For ten years Fénelon was at the head of the convent of the New Catholics, an institution which sought to reclaim Protestant young women to Catholicism. In this position, as well as in all his lifework, though himself an ardent Catholic, Fénelon's course was so temperate and just that he won the warmest admiration even of Protestants, who did not accept his faith. Among his friends were the Duke and Duchess of Beauvilliers, who had eight daughters and several sons. At their suggestion, and for the purpose of helping them in educating their daughters, he wrote his first and most important educational work, "The Education of Girls." Compayré pronounces this "the first classical work of French pedagogy." He further speaks of this book as "a work of gentleness and goodness, of a complaisant and amiable grace, which is pervaded by a spirit of progress."[111] It appeared in 1687.
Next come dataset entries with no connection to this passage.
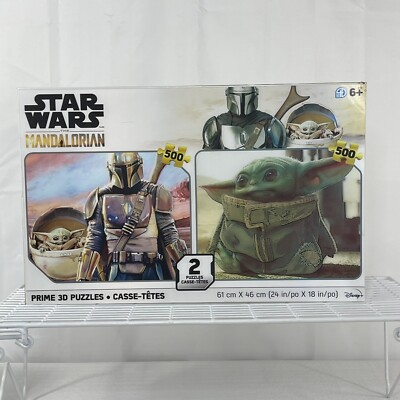 NEW-Star Wars the Mandalorian Disney 3D Puzzles 2-Puzzles 500 pieces Yoda.   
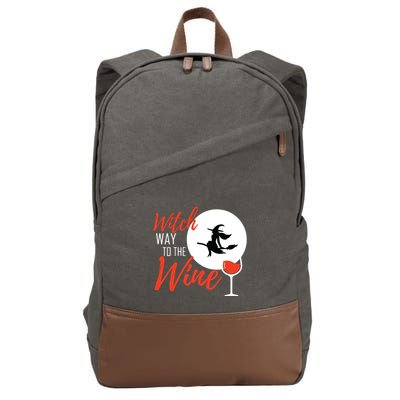 Women Witch Way To The Wine Halloween Witch Wine Vneck Cotton Canvas Backpack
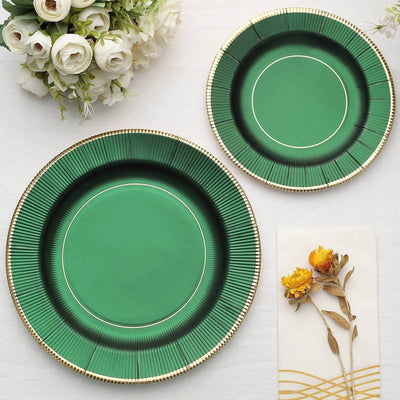 25-Pack Paper Round Dinner Plates 10" Hunter Emerald Green Sunray Design with Gold Rim - 350GSM Heavy Duty Disposable Party Plates
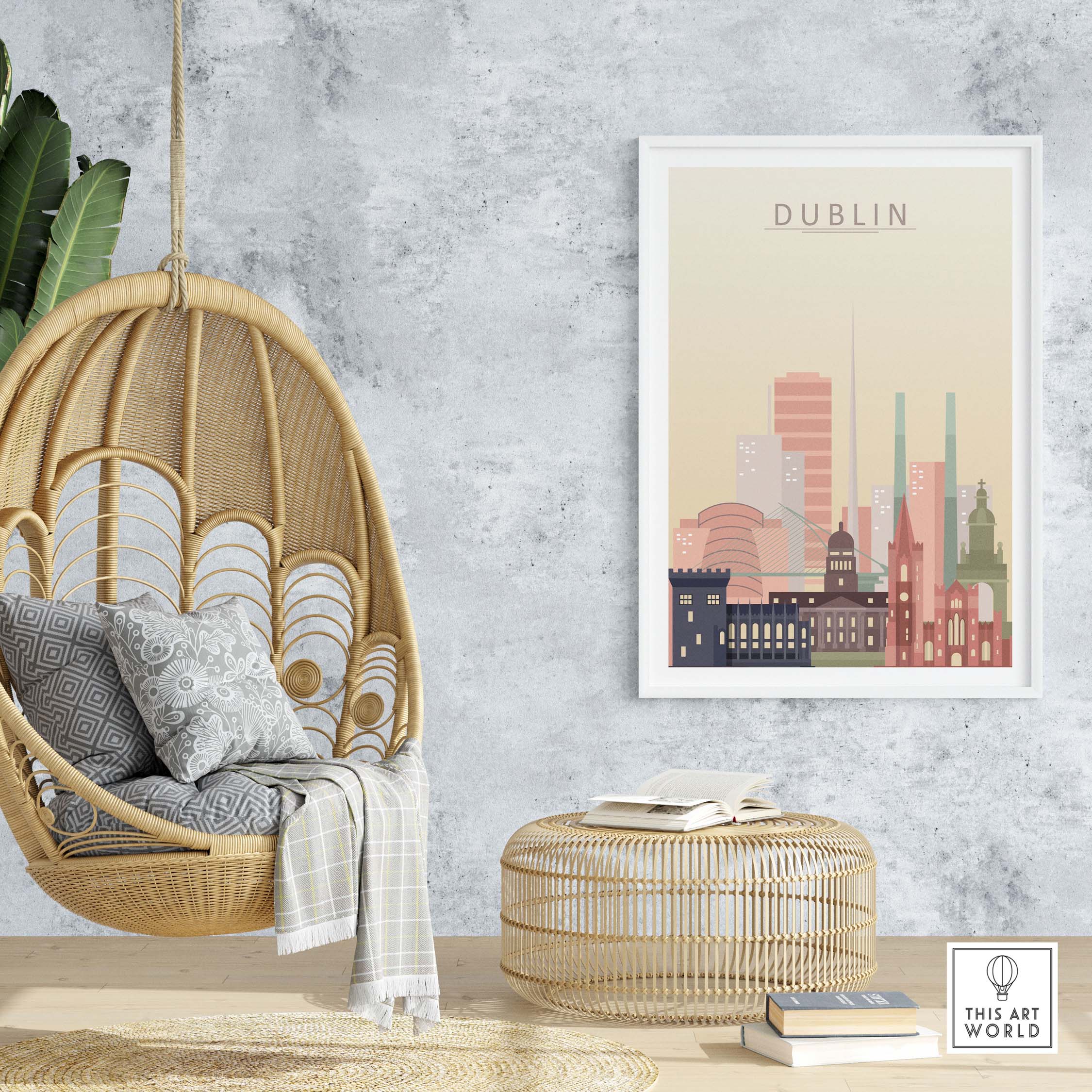 Dublin skyline wall art in warm pastel tones displayed in a cozy interior with a hanging chair and rattan furniture.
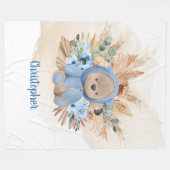 熱帯の少年テディベアのススキ青い花 フリースブランケット (正面(横))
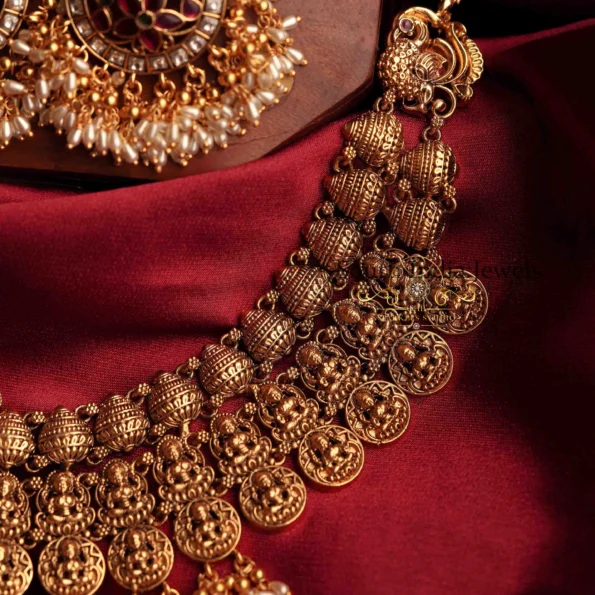 Bridal Goddess Lakshmi Neckset with Guttapusalu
In 1689, when thirty-eight years of age, Fénelon was chosen preceptor of the grandson of Louis XIV., the young Duke of Burgundy. In this position his remarkable powers as a teacher were brought to light, and he applied the theories which he had promulgated. The young duke, who was eight years of age, was of a passionate nature, hard to control, and yet, withal, of warm-hearted impulses. It is said that "he would break the clocks which summoned him to unwelcome duty, and fly into the wildest rage with the rain which hindered some pleasure." The "Telemachus"[112] of Fénelon, perhaps his greatest literary work, was composed at this time, as were also his "Dialogues of the Dead" and his "Fables." The inspiration of all these works was found in the charge committed to him—that of properly instructing his royal pupil. Fénelon thus created the material through which he interested the boy and taught him the intended lessons. The "Telemachus" was designed for the moral and political instruction of the prince; through his "Dialogues of the Dead" he taught history; and his "Fables" were composed for the purpose of teaching the moral and intellectual lessons which he wished to impart to his illustrious, but headstrong, pupil. Fénelon's success with the prince was phenomenal, as the passionate boy became affectionate, docile, and obedient.
The success of the experiment, however, was never put to the final test, as the duke died before coming to the throne. There seems to be no doubt that the cure was permanent, and it is not believed that, like Nero, he would have relapsed into his former viciousness and cruelty.